This post explores the pros and cons of moving to the public cloud. Keep reading to learn more about whether the cloud makes sense for your business, and the reasons to move, and reasons not to move, to the public cloud.

What Is the Public Cloud?

The public cloud is a framework that lets you access on-demand computing services and infrastructure through a third-party provider.

In a public cloud environment, you’ll share the same hardware, software, and network services as other companies or tenants. It’s different from a private cloud environment where your company receives access to private, hosted infrastructure and services.

To illustrate, it’s like staying in a hotel versus renting a private cottage on Airbnb.

A few of the top public cloud providers on the market include Amazon Web Services (AWS), Google Cloud Platform (GCP), Microsoft Azure, Alibaba Cloud, and IBM Cloud.

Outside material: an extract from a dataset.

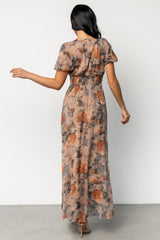 Ardley Maxi Dress | Copper + Slate Floral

Public cloud services can refer to infrastructure as a service (IaaS), software as a service (SaaS), and platform as a service (PaaS) models.

Top Reasons for Public Cloud Adoption

Companies have a variety of reasons for migrating to the public cloud. Here’s a few of them.

Replacing the Data Center and Lowering Computing Costs

Enterprises are increasingly moving away from data centers. In fact, by 2025, 80% of enterprises will shut down their traditional data centers.

Companies with aging data centers can avoid retrofitting facilities or building new ones by migrating to the public cloud and leveraging hosted infrastructure instead. This greatly reduces costly builds and minimizes operational expenses.

Achieving Rapid Scalability

The public cloud enables rapid scalability. You can significantly increase storage and compute power through the public cloud at a fraction of the cost of expanding your existing infrastructure. The public cloud is particularly useful for growing startups that need to be able to accommodate massive usage increases.

It’s also ideal for organizations that experience seasonal spikes in sales. For example, an e-commerce provider might use the public cloud when ramping up production and sales around the holidays. By the same token, the public cloud provides flexibility to easily scale back down during lulls.

Accessing Managed Services

The service provider manages the underlying hardware and software in a public cloud deployment. They also typically provide security, monitoring, maintenance, and upgrades.

This approach enables you to take a hands-off approach to managing infrastructure. Your IT team can focus on other business needs, with the expectation that the public cloud provider will keep your services up and running within the scope of the service-level agreement (SLA).

Reducing IT Burden

Right now, there’s a widespread IT staffing shortage. The issue is particularly bad in the data center industry, where 50% of data center owners and operators are having difficulty finding qualified candidates for open jobs.

If your company’s having a hard time finding qualified IT workers, you may want to consider outsourcing operations to the public cloud. This can free your IT workers from grunt work and enable them to take on more valuable projects.

At the same time, your IT team can still manage its public cloud environment. For example, they can still perform data governance and identity and access management (IAM). They just won’t have to worry about maintaining or upgrading any hardware or software. 

Strengthening Business Continuity and Disaster Recovery (BC/DR)

Another reason why companies migrate to the cloud is to improve their BC/DR posture.

Business continuity involves establishing a plan to deal with unexpected challenges like service outages. Disaster recovery is all about restoring network access following an issue like a cyberattack or natural disaster.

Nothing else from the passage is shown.